## The data
╭──

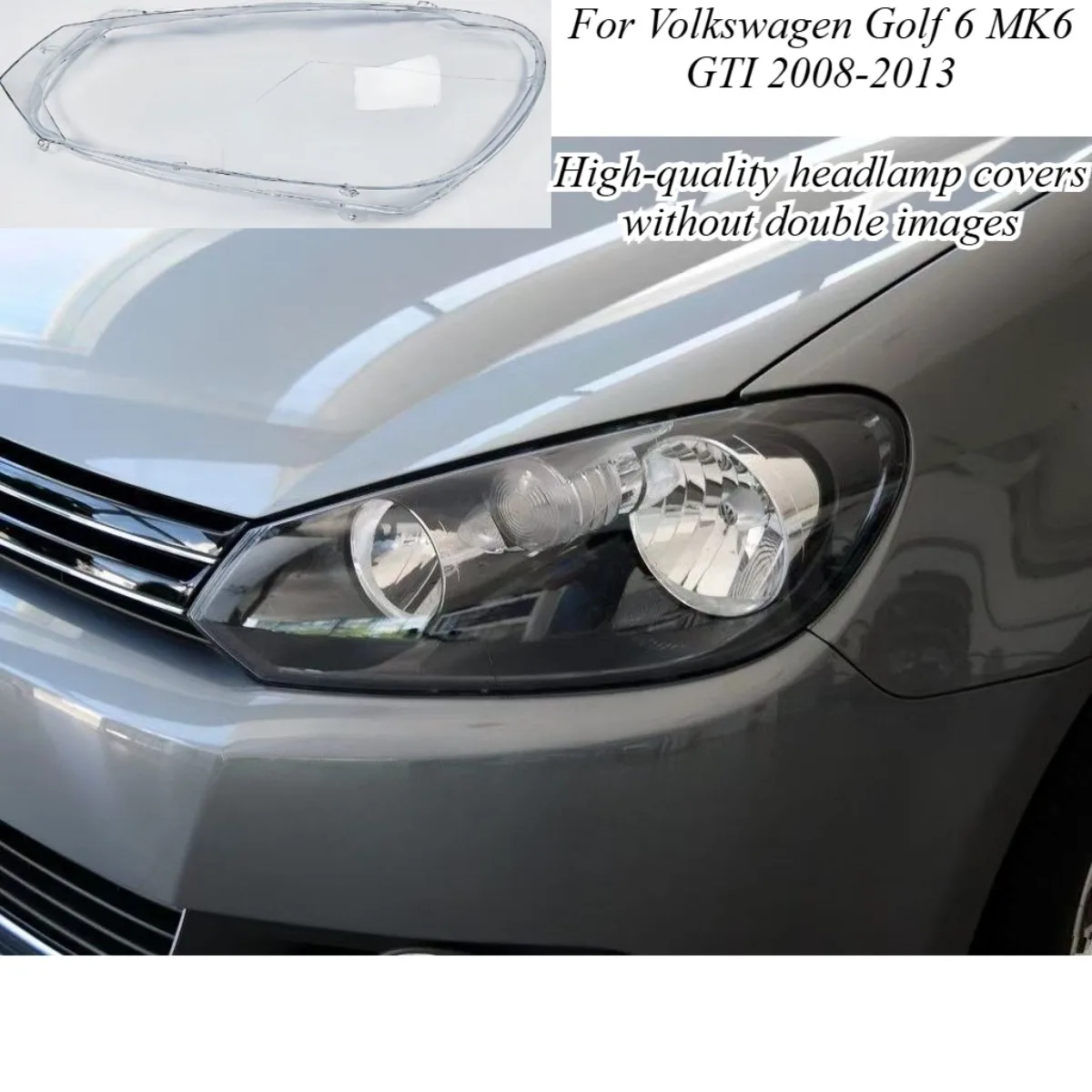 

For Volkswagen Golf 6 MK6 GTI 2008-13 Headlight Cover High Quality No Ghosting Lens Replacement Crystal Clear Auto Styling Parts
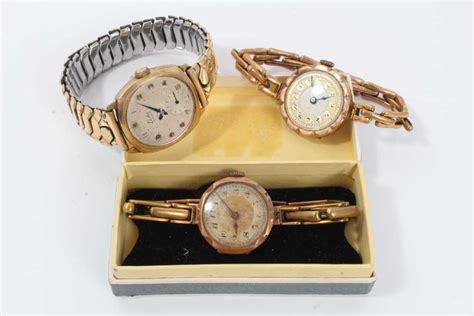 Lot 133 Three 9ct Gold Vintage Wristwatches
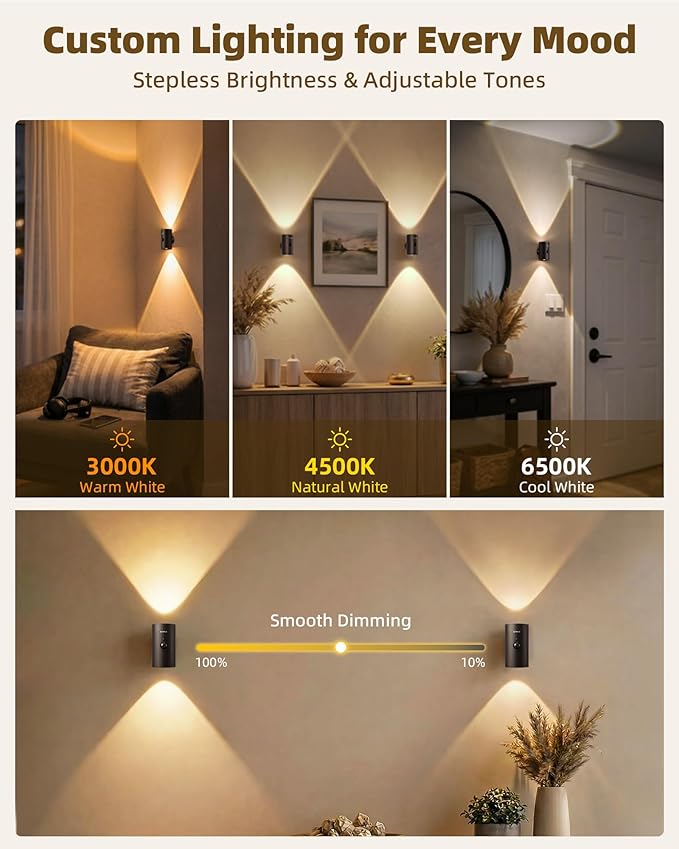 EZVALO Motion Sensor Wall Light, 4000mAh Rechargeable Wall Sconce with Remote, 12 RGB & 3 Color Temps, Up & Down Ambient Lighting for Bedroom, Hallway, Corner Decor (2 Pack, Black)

╰──

## Problem statement
Transcribe only these lines, exactly: the first line of the listing, every line after it, and the line with "Lot 133 Three 9ct Gold Vintage Wristwatches", where the copy ends. Include no picture.

## Task result
For Volkswagen Golf 6 MK6 GTI 2008-13 Headlight Cover High Quality No Ghosting Lens Replacement Crystal Clear Auto Styling Parts
 Lot 133 Three 9ct Gold Vintage Wristwatches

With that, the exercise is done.